Archive: A Call to Biblical Evangelism

We would like to share with you a few portions of the address our Chairman, Ed Robb, delivered recently at our Good News Convocation in Anderson, Indiana. – Charles W. Keysor, Editor

We may be experiencing the beginning of the Third Great Awakening!

Extreme darkness preceding dawn is a regular event in the history of revival, and truly we are in a dark period of our history.

Malcom Muggeridge said at the Congress on World Evangelization in Switzerland in 1974, “We may be entering another dark age and the tragedy is we don’t even realize it.”

Situation ethics is taking its toll.

Homosexuality is considered by some church leaders as a valid alternate Christian lifestyle.

Marriage as a sacred institution is in peril. There will be one divorce for every two marriages in America this year.

Permissive abortion has been legalized with the blessing of the church. We are seeing the slaughter of millions of unborn children in an increasingly amoral society.

Despite the indiscriminate use of the pill and millions of abortions, there were more illegitimate births than legitimate ones in Washington, D.C. in 1975.

 

There is little wonder we have lost our moral influence. I quote from a letter written by a United Methodist minister to a friend of mine. “… Many people have wonderful meaningful experiences of love and sexual intercourse apart from any marriage covenant … many extra-marital relationships are not casual. They have their own contract or covenant. ‘Sacred marriage vows’ are what each couple agrees [their vows] will be … they define what loyalty and commitment to the relationship means. Whether a person is a virgin or not has nothing to do with [his or her] ability to enter a binding covenant in the present.”

Alas, antinomianism from the ministry!

I have a letter in my files from a lay leader of one of the strong conferences in United Methodism. He recently had a conference with the cabinet and bishop because of their concern about charismatic activity in the laymen’s program. As a non-tongues-speaking United Methodist I have a question: “Why do we become so concerned about the excesses of those who are excited about the Gospel, but seemingly are undisturbed by the statements of radical secularists who question or deny the faith?”

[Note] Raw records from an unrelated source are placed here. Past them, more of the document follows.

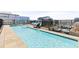 Relax by this rooftop pool with tanning ledge and lounge seating, perfect for enjoying warm weather and city views at 1750 Wewatta St # 1230, Denver, CO 80202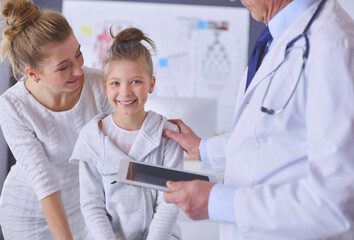 Little girl with her mother at a doctor on consultation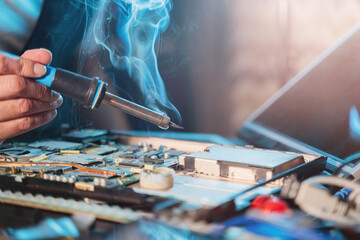 Close-up of a hand repairman specialist man repairs, and repairing electronics in a hardware repair shop - 693225926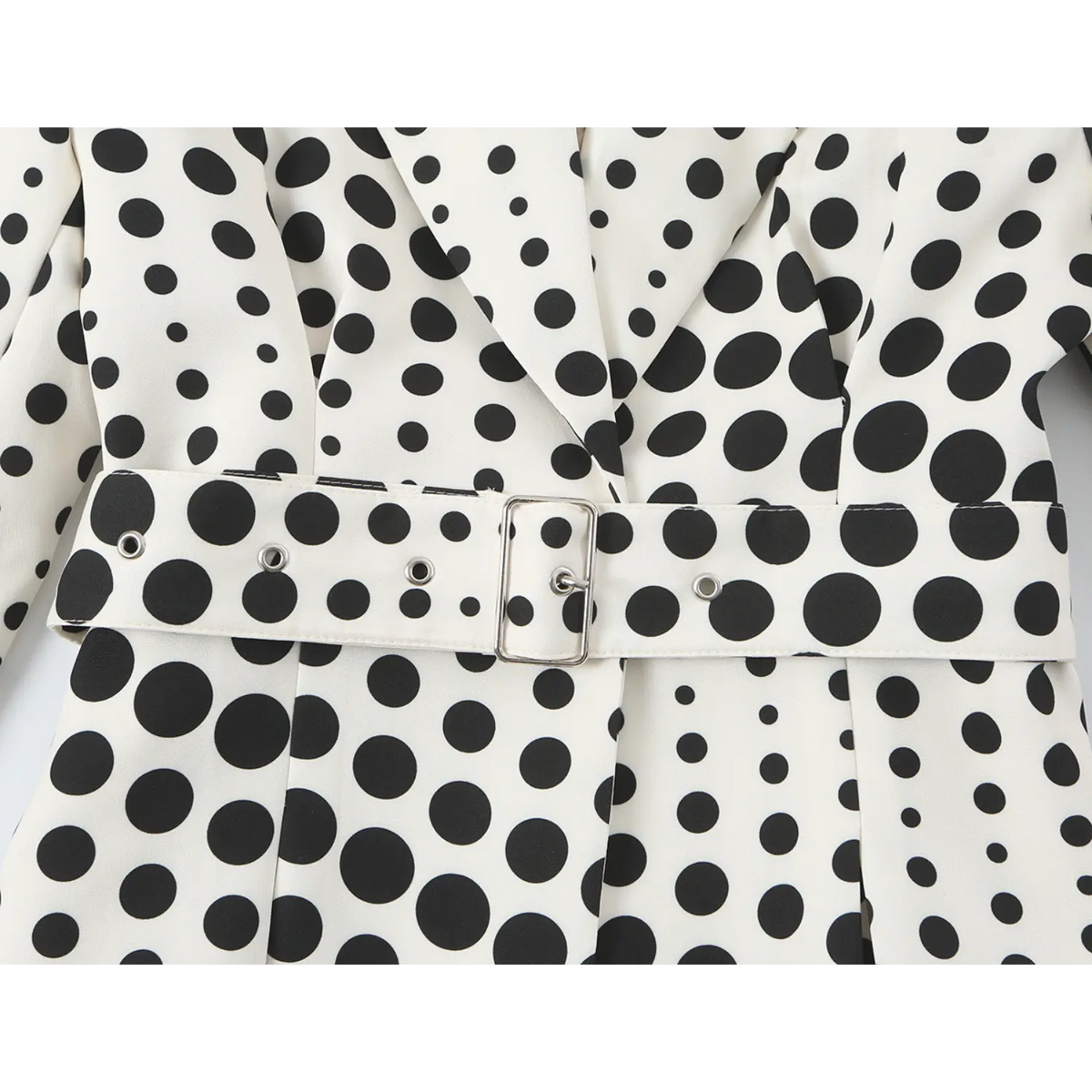 Close-up of self fabric belt and silver pin buckle
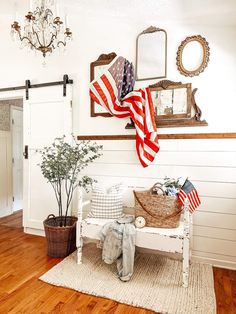 an american flag is hanging on the wall next to a bench and potted plant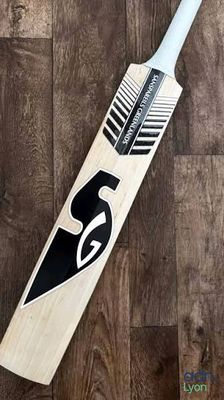 a close up of a cricket bat on a wooden floor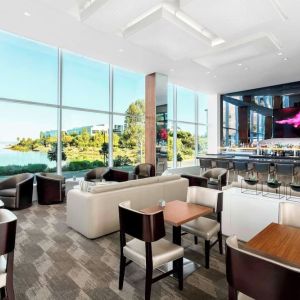 Lounge and coworking area at AC Hotel By Marriott SFO/Oyster Point Waterfront.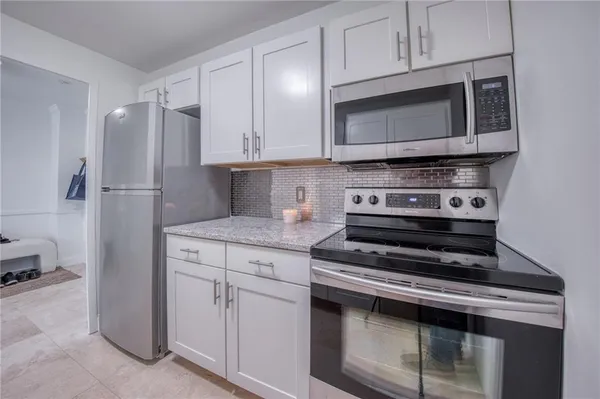 a kitchen with cabinets stainless steel appliances and a counter space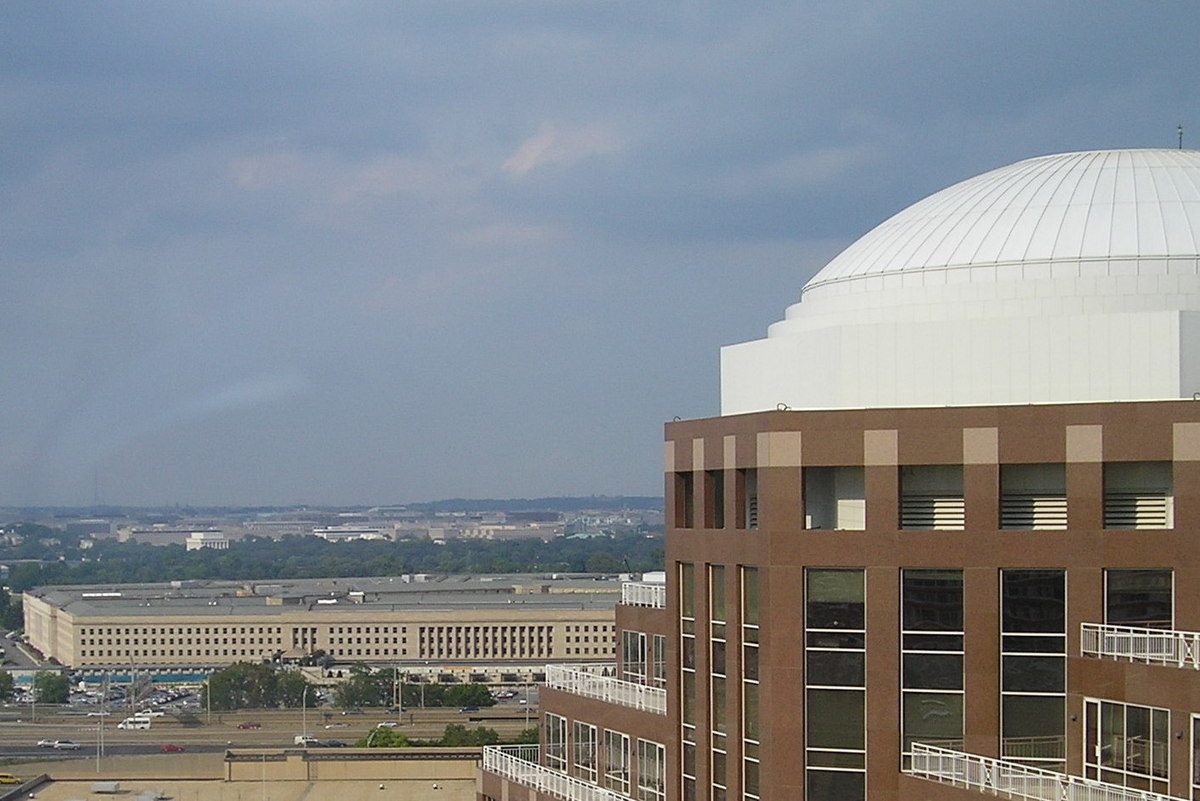 distant low government office building seen past a brown domed block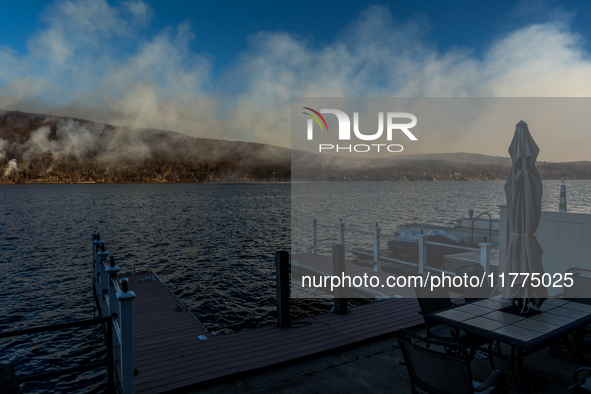 The Jennings Creek Wildfire is seen from a home in Greenwood Lake, NY, U.S., on November 13, 2024. The fire burns roughly 5000 acres with fi...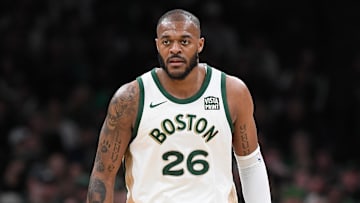 Apr 7, 2024; Boston, Massachusetts, USA; Boston Celtics forward Xavier Tillman Sr. (26) looks on during the second half against the Portland Trail Blazers at TD Garden. Mandatory Credit: Eric Canha-Imagn Images
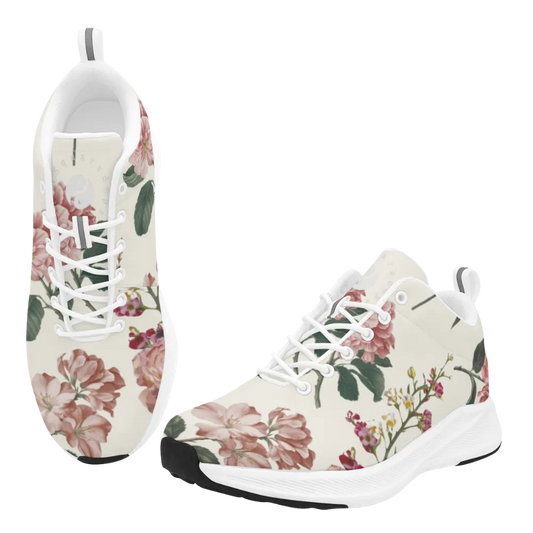 White sneakers with a floral botanical print in pink and green. Features a white sole and lace-up front design.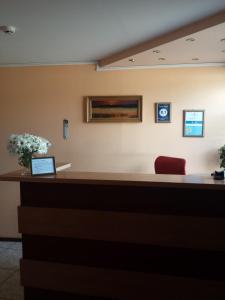 un banco della reception in una sala d'attesa con una sedia rossa di Šolena a Alytus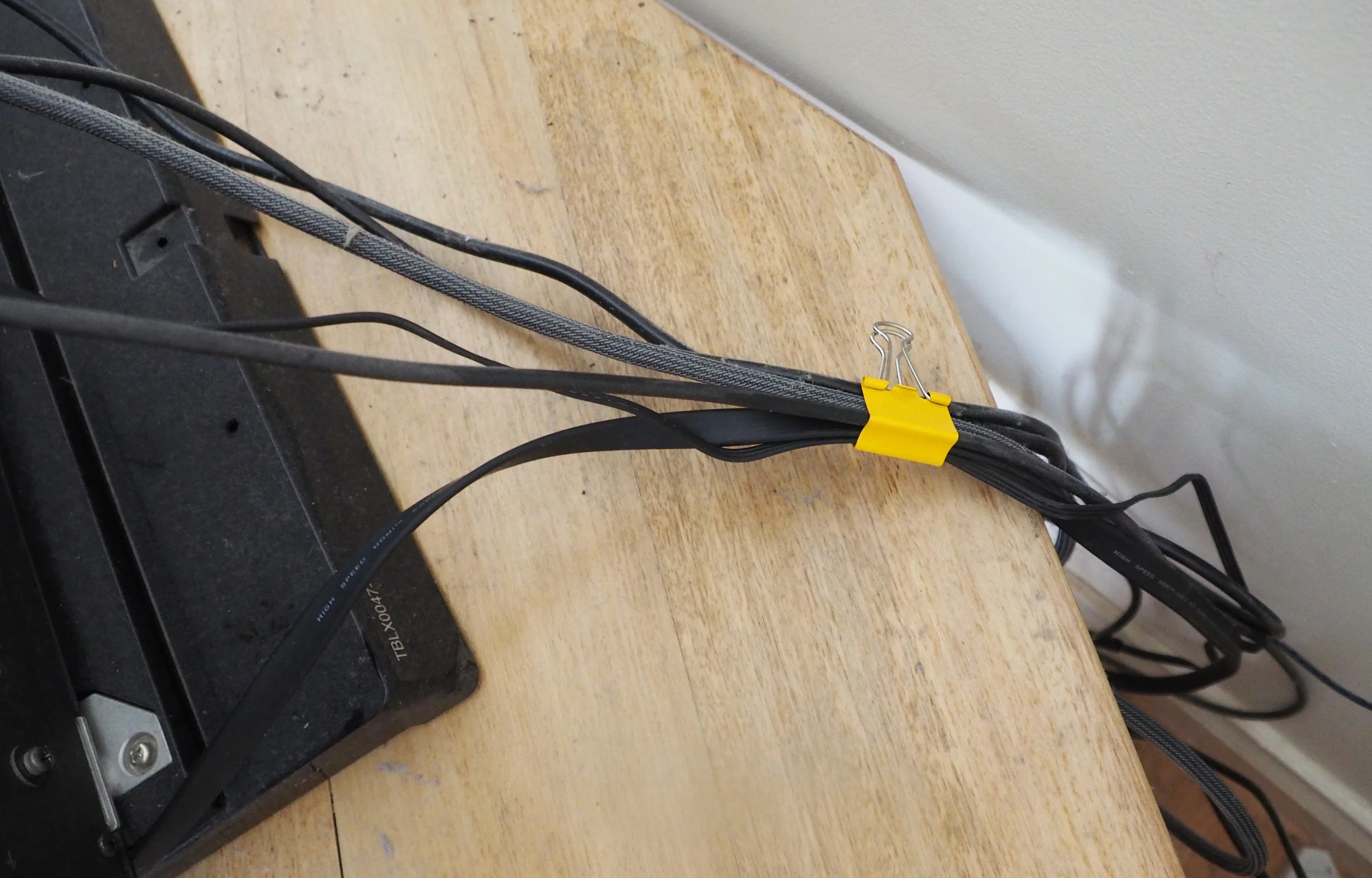 Attach a bulldog clip around cords to keep them neat and organised - The Organised You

For example, a minister on the west coast was quoted recently as saying he had come to see that the Bible was not the Word of God—but the word of man. This same man is reported to have joined homosexuals in a covenant service.

Ichabod! What cabinet and bishop have questioned him?

Dr. Dow Kirkpatrick has written of a recent trip to Cuba in the “Here I Stand ” column in July 22 issue of The United Methodist Reporter. He quoted Dr. Sergio Arce, the president of a theological seminary in Cuba as saying, “The first task of evangelism is to confront Christians who are not atheist in the head, but are atheist of the heart. Marx was an atheist of the head, but not of the heart.” A strange description for Karl Marx who advocated class hatred and violence! Dr. Kirkpatrick also writes, “Aldersgate announces it feebly, May Day celebrates with a shout—the creation of the new humanity.”

And he is on the staff of the Board of Global Ministries!

Shall we be discouraged?

Shall we quit?

Never!

It is darkest just before dawn.

We have seen the impotence of liberalism and the destructiveness of the radical secularist.

There has never been a greater openness to the Gospel. There are encouraging signs in the church.

 

We can be encouraged.

There are 40 million persons in America today who profess to be regenerated Christians.

The New York Times book review section has confessed that if it were to include evangelical books among its nonfiction best sellers, they would fill the top ten places.

Evangelical seminaries are training a large proportion of our new ministerial candidates.

Most of the nation’s large churches are now evangelical.

Dr. Richard Lovelace of Gordon Conwell Theological Seminary has reminded us, “All too often evangelicals are unrealistically pessimistic about their growth, and prepared to abandon a church which is just waking up to the meaning of [the evangelicals’] success.”

He continues, “The fictitious truism that ‘once a denomination starts downhill it never recovers’ is being steadily disproved. Those who doubt should look at the history of the Anglican Church, which has bloomed again and again with new life when the tide of spiritual life rose in the people, and which has developed strong evangelical leadership again today.”

Both the Archbishop of Canterbury and the Archbishop of York are evangelicals, and 45 percent of the newly ordained in the Church of England are evangelicals, according to Dr. John Stott.

Too often evangelicals have adopted an outlook on history which predicted decline and apostasy in the nation and the church. Most Christians stopped praying and working for revival, and proceeded to dig into spiritual bomb shelters and wait for the coming of Christ.

 

I have learned that if you want the maximum ministry out of the church, you must begin by putting the maximum of Jesus into the program of the church! If you do that, then the biggest problems you will have will be—where you are going to seat all the people, and how you are going to spend all the money.

Let us not be afraid of the power of the Holy Spirit that comes when men and women surrender their lives to Jesus.

Most of our evangelism in The United Methodist Church has been ineffective because it is difficult to win persons to a corpse. When the church comes alive—a warm, caring, sharing, redeeming fellowship- persons will be attracted and open to the message of Christ.

 

We must stop pretending that everything that calls itself evangelism is legitimate, laudable, and worth supporting.

Social action may be needed, but it is not evangelism.

Christian education is necessary for nurture, but it is not necessarily evangelism.

Worship is the heart of the Christian faith, but it may not be evangelism.

Membership recruitment is not synonymous with evangelism. In the 50s we brought many into the church who had no personal experience with Christ and did not follow Him in discipleship.

 

It is time we stopped majoring on secondary things and realize that the supreme task of the church is the evangelization of the world. This is the day of the evangelical!